LSU ends road skid, beat Vanderbilt

NASHVILLE, Tenn. — Nobody watching LSU’s scrap against Vanderbilt will brag about it being easy on the eyes.

What’s utterly certain is the Tigers could care less after walking off the floor with a 57-51 victory Thursday against the Commodores.

Not after tumbling into a 16-point hole against the Commodores in the first half.

Forget pulling within a two points four times in the second half but unable to surge ahead.

Or those nine empty trips, possessions squandered where the Tigers (18-11, 9-8 Southeastern Conference) could have tied or taken the lead.

Despite going 36 minutes between leads, swingman Shavon Coleman calmly swished a pair of free throws with roughly three minutes left to put the Tigers ahead, ending a seven-game road losing skid in front of 9,968 at Memorial Gymnasium.
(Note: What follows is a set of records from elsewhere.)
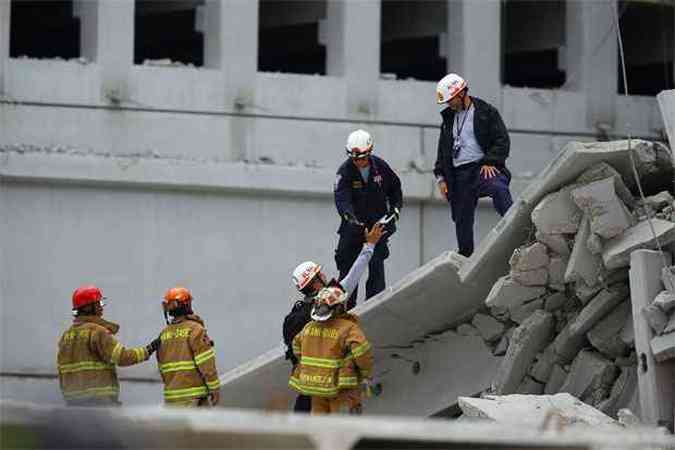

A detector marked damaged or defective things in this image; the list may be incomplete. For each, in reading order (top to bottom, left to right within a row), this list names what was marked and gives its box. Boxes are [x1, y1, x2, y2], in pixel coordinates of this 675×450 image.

broken concrete slab [576, 161, 632, 208]
broken concrete slab [532, 186, 584, 236]
broken concrete slab [572, 177, 632, 239]
broken concrete slab [510, 243, 552, 270]
broken concrete slab [540, 230, 572, 258]
broken concrete slab [564, 216, 604, 286]
broken concrete slab [604, 219, 675, 268]
broken concrete slab [472, 314, 504, 342]
broken concrete slab [484, 276, 548, 312]
broken concrete slab [492, 310, 556, 394]
broken concrete slab [510, 298, 548, 324]
broken concrete slab [512, 268, 548, 284]
broken concrete slab [544, 292, 572, 312]
broken concrete slab [572, 284, 632, 336]
broken concrete slab [588, 300, 632, 360]
broken concrete slab [640, 304, 668, 336]
broken concrete slab [652, 288, 675, 312]
broken concrete slab [652, 332, 675, 364]
broken concrete slab [516, 376, 544, 394]
broken concrete slab [456, 392, 620, 428]
broken concrete slab [544, 366, 572, 394]
broken concrete slab [560, 348, 616, 404]
broken concrete slab [604, 366, 640, 418]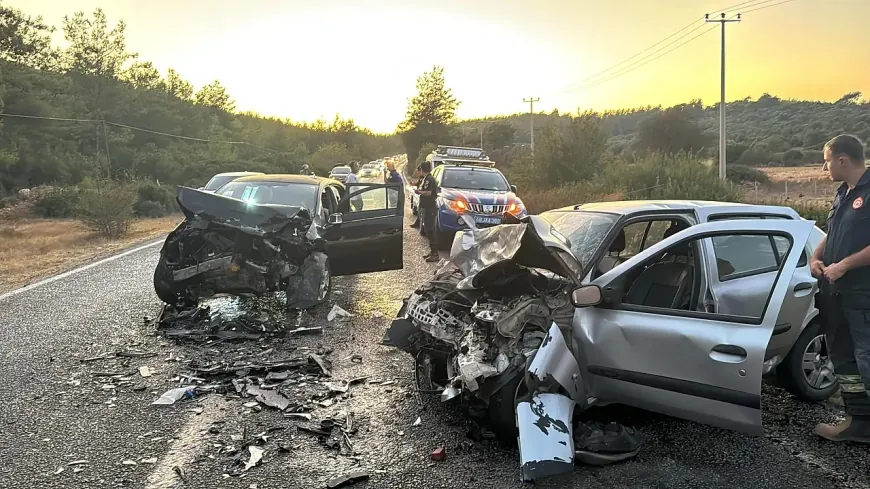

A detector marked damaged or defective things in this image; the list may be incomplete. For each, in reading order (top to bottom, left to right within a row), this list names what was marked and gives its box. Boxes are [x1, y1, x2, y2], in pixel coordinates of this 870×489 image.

crumpled car hood [176, 185, 314, 236]
severely damaged silver car [156, 174, 406, 308]
severely damaged black car [156, 175, 406, 308]
crumpled car hood [450, 214, 584, 282]
severely damaged silver car [386, 202, 824, 480]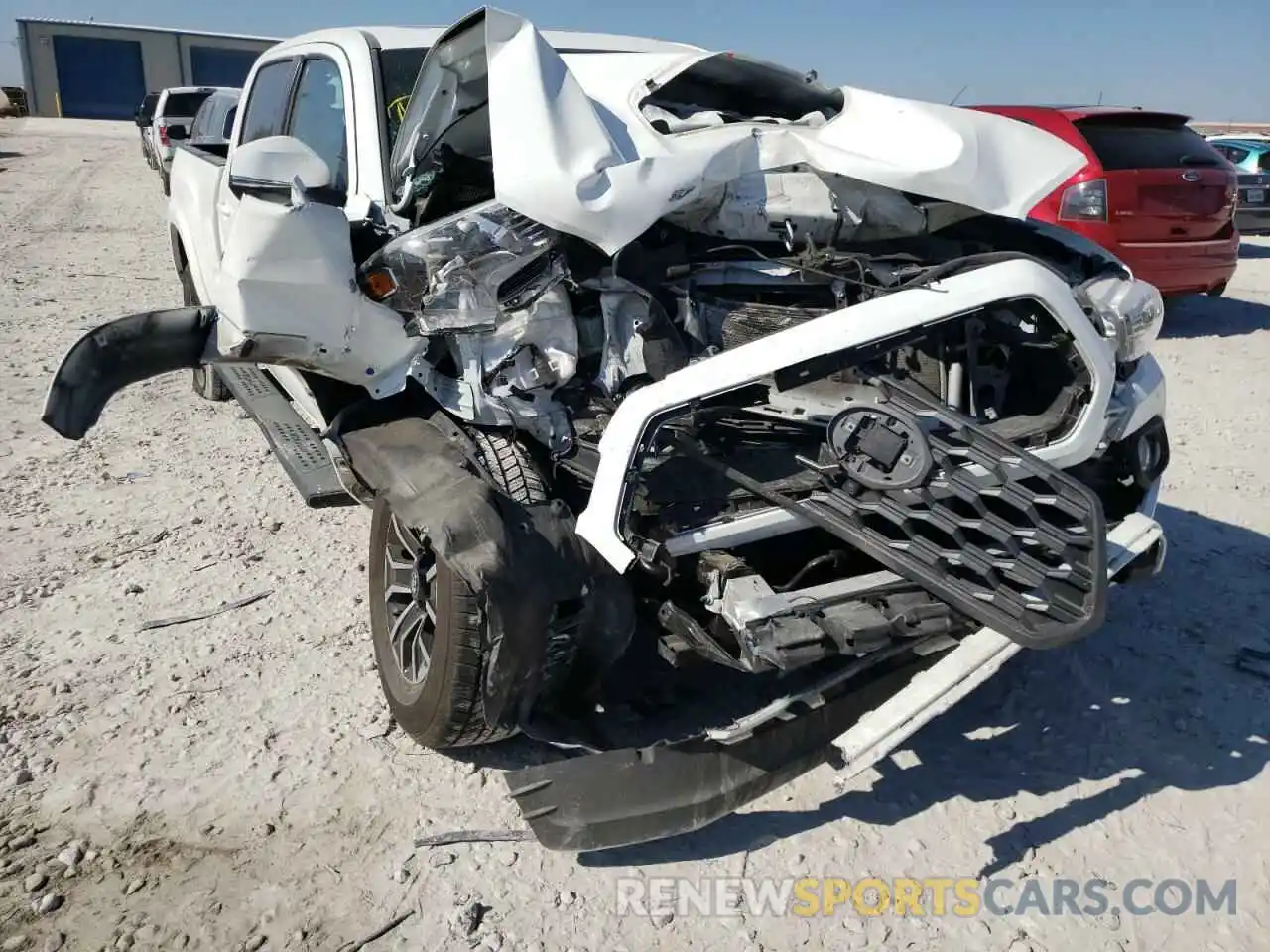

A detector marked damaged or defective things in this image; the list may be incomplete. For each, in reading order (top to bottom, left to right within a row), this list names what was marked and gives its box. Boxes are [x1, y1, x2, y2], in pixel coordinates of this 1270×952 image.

crumpled hood [393, 9, 1087, 254]
torn fender [40, 307, 216, 440]
damaged headlight housing [359, 200, 564, 335]
destroyed white truck [40, 9, 1175, 857]
damaged headlight housing [1080, 278, 1167, 367]
torn fender [341, 418, 635, 730]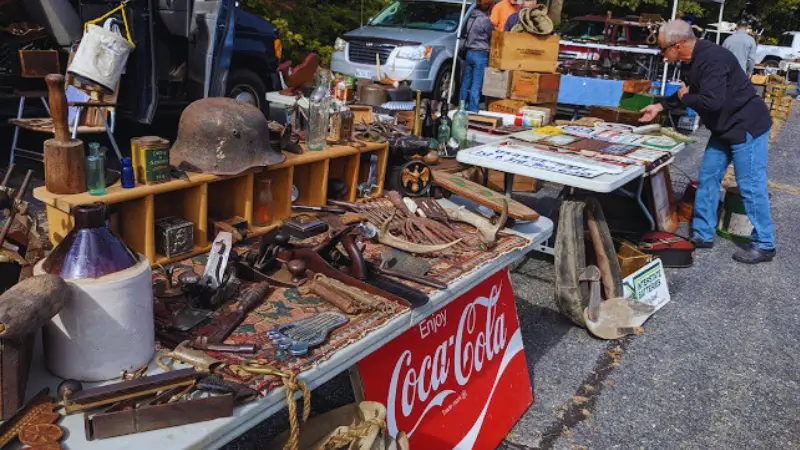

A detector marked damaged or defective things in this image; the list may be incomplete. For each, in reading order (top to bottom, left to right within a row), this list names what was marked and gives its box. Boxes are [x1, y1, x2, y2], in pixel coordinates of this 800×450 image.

rusty steel helmet [170, 97, 286, 174]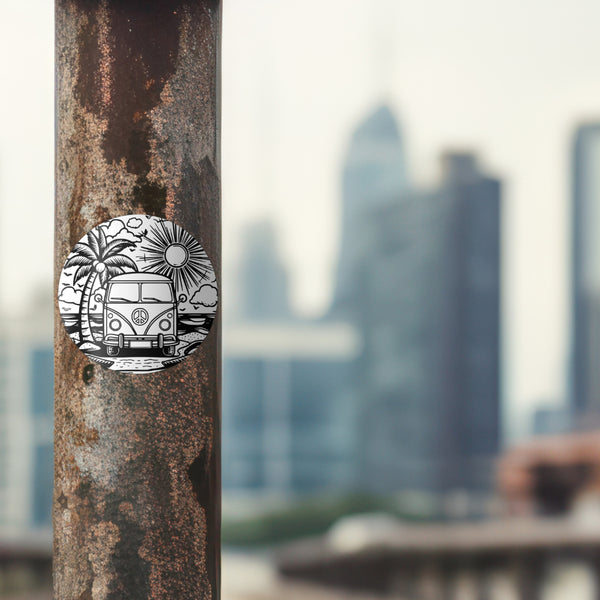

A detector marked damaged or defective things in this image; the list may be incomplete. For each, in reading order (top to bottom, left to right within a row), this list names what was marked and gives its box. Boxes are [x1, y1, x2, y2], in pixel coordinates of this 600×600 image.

corroded metal texture [54, 2, 221, 596]
rusty metal pole [54, 2, 221, 596]
rust patch on pole [54, 2, 221, 596]
peeling paint [54, 2, 221, 596]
“It was crunch time,” Coleman said. “It needed to happen for us.”

Snatching the prize extracted every ounce of effort to subdue the Commodores (15-14, 7-10), too.

“You’re trying to position yourself,” LSU coach Johnny Jones said. “You want to be executing at your highest level and make plays down the stretch, and we were able to do that.”
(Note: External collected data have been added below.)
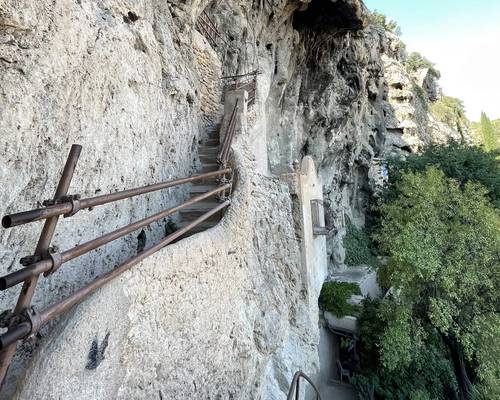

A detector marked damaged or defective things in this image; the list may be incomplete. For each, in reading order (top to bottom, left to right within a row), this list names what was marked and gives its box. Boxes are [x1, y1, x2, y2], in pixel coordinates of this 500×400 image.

rusted metal railing [224, 70, 260, 104]
rusted metal railing [0, 145, 232, 388]
rusted metal railing [288, 370, 322, 398]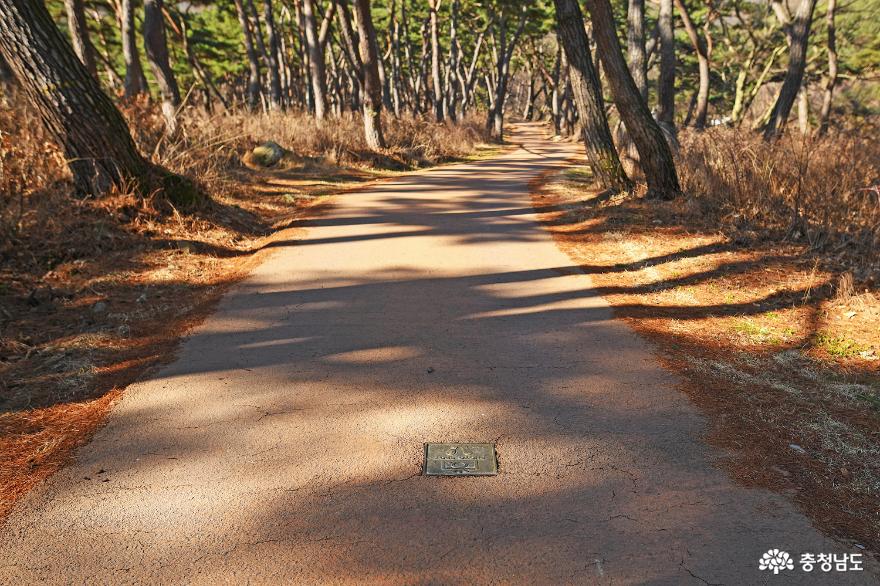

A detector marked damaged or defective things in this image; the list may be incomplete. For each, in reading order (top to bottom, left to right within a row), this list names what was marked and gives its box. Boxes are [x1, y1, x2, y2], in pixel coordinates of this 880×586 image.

cracked pavement [0, 122, 872, 580]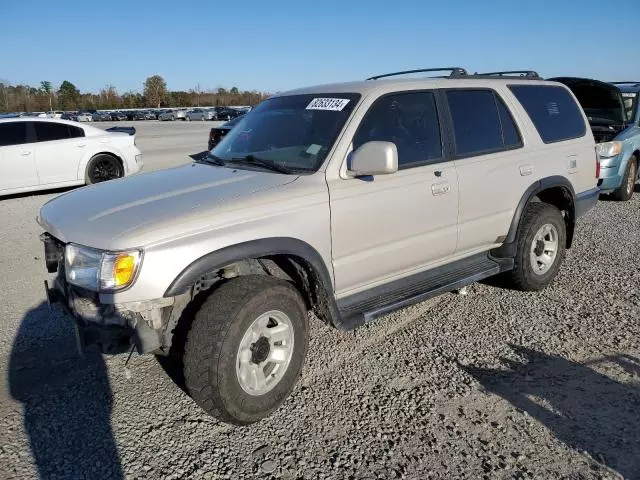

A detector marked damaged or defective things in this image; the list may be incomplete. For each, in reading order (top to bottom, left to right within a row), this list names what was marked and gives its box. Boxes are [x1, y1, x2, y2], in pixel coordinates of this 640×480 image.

damaged front bumper [44, 274, 175, 356]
LSU also had to shove aside its own worst tendencies.

Trailing by eight points at halftime, the Tigers used less than four minutes to slice the lead down to 37-35 on two free throws from Coleman with 14:54 left.

What came next was a nearly four-minute scoreless gulf of time — a stretch where LSU and Vandy clanked all nine of the shots it put up.

Until Shelby Moats swished a 3-pointer to push the lead back out to five.

So set in a familiar pattern.

LSU forward Jarell Martin darted by Moats down the right side of the lane for a lay-up to draw the Tigers within 43-41 with 7:48 left. Yet LSU frittered away its next two possessions with turnovers.

Rod Odom then fended off the Tigers’ advance with a 3-pointer from the left wing with roughly six minutes to go.

Andre Stringer, who had 11 points and sank 8 of 8 free throws, knocked down a pair to pull within 46-45. Vandy guard Kyle Fuller replied with a lay-up on the other end at the 5:25 mark.

Slowly, Thursday began to take the eerie form of missed chances away from Baton Rouge at Ole Miss, Alabama and Kentucky — all losses where the Tigers failed to execute in the waning stretches.

“I know everybody felt it,” Stringer said. “I was thinking it as well. All of the games we’ve lost have gone back to that.”

It certainly resembled them, too.

Again, a lax start defensively left LSU scrambling while its offense sputtered.

Over a 5:31 scoring drought, Vanderbilt popped of an 11-0 run capped by an Odom jumper on the right win to make it 15-4.

Worse, it was just a preview of more woes for LSU, which shot a season-worst 26.7 percent in the first half and failed to capitalize around the rim with Jones sitting for 13 minutes in foul trouble.

In between an Johnny O’Bryant stickback at 9:20 and a layup at 2:32, Vanderbilt had stretched its lead out to 28-12, largely behind the jump shooting of Odom and Luke Kornet.

“We were just chasing a lot, trying to get back to their shooters,” Stringer said. “They pick and pop very well, and we just didn’t do a good job the first half.”

Just as quickly as LSU’s shooting woes took hold, O’Bryant’s layup kick-started a 12-2 scoring flurry to close the half to help Jones’ group creep back within 32-24 at the break.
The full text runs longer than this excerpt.